Whitewashed shop windows, dilapidated signage and decaying frontages are a testament to and constant reminder of the economic turmoil we are currently living in. Yet these depressing empty buildings are undergoing something of a renaissance, for impromptu art exhibitions are springing up inside them across the country. Dubbed the ‘pop-up’ shows, contemporary artists have been encouraged by local councils to take over the boarded up shops and curate dynamic exhibitions. Even Selfridges is partaking in this new craze. The fashionable department store plans to showcase 10 up-and-coming artists from murmurART.

York has adapted this trend with their new initiative Windows of Opportunity, which was launched in August as a joint project between York Museums Trust, Visit York and the City of York Council. Artists were called to submit designs for empty shop windows, transforming them into digital works of art. Five shop windows are being used for this to date, including one on Coney Street, Goodramgate, Kings Square and Low Petergate. Artists were encouraged to create a design that would enhance the city, although there were no stipulations on subject matter. Three works are already being displayed by artists Matt Mellor, Vorm Graphic Design and Seamless Media, and the winners of the remaining two window displays will be announced next week. Gillian Cruddas, Chief Executive of Visit York said, ‘We’re delighted to support this initiative which is once again bringing art onto the streets of York.’

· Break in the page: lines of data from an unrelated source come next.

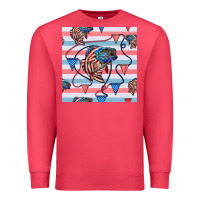 Cardinal american flag bass Premium Sweatshirt - BundleAndBundleShop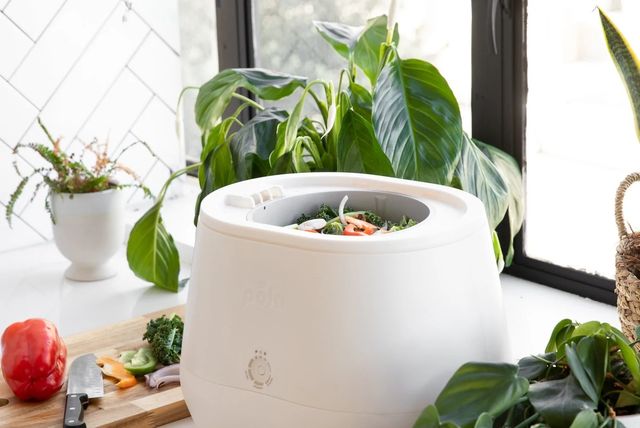 lomi kitchen composter on a countertop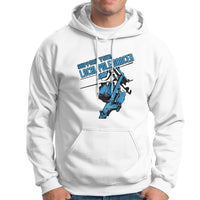 Support Your Local Pole Dancer Lineman Hoodie - Wonder Print Shop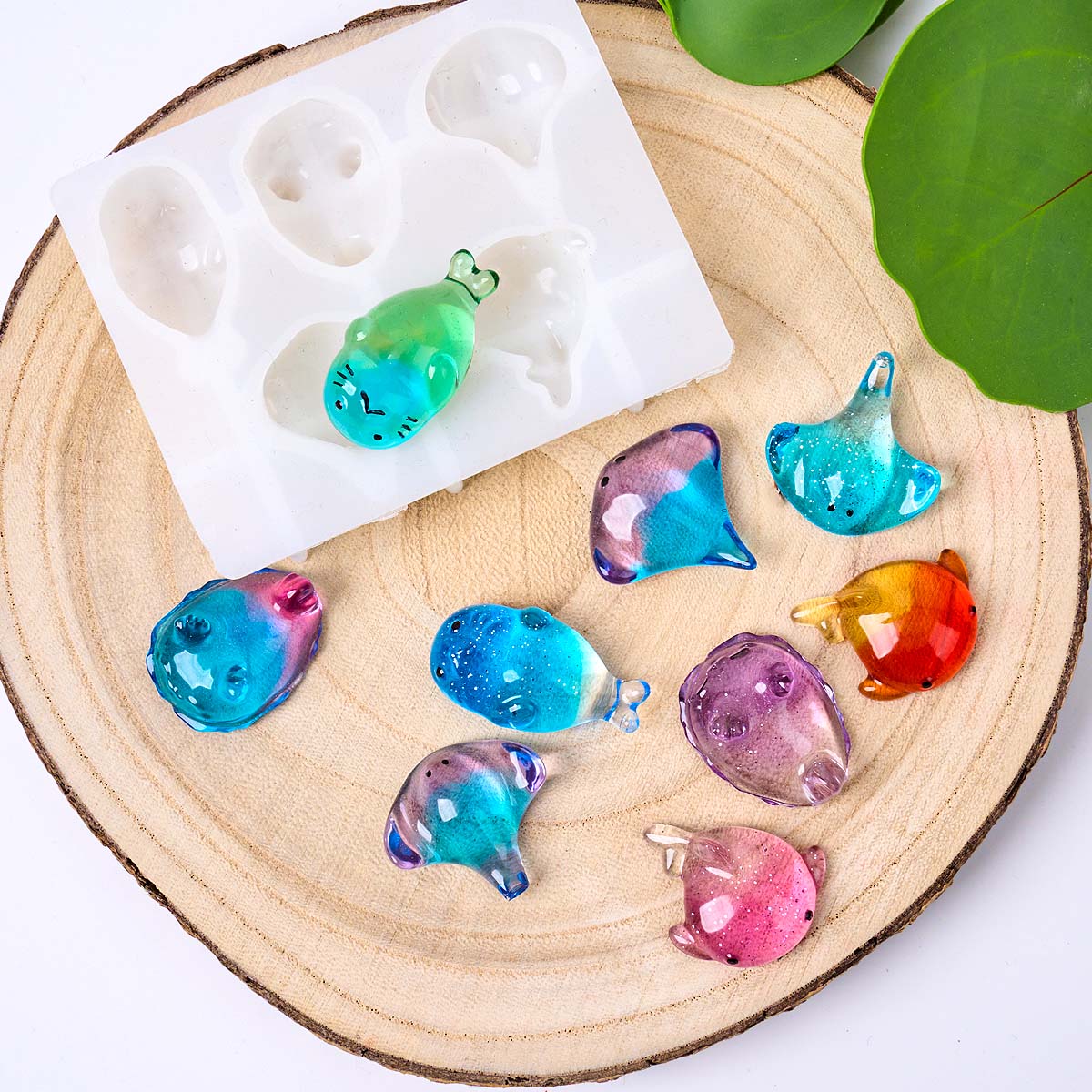 Molde de Silicone 3D de Raia M - Soap Making Gifts avaliação e preço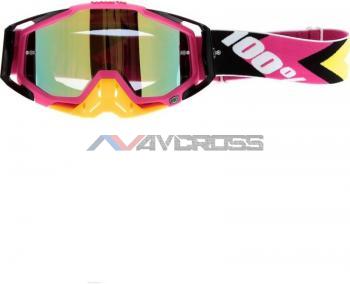 Maschera 100% Racecraft Hyperion 4 Black Pink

Despite the fall in artistic commercial viability, enterprises like Windows of Opportunity and other ‘pop-up’ exhibitions ensure that Britain will remain a hotspot of creativity, when traditional gallery spaces are dwindling. Keep scanning shop windows to stumble across York’s aesthetic response to the visual impact of this troubling economic climate. We may be in an economic downturn – but we are fighting back with culture.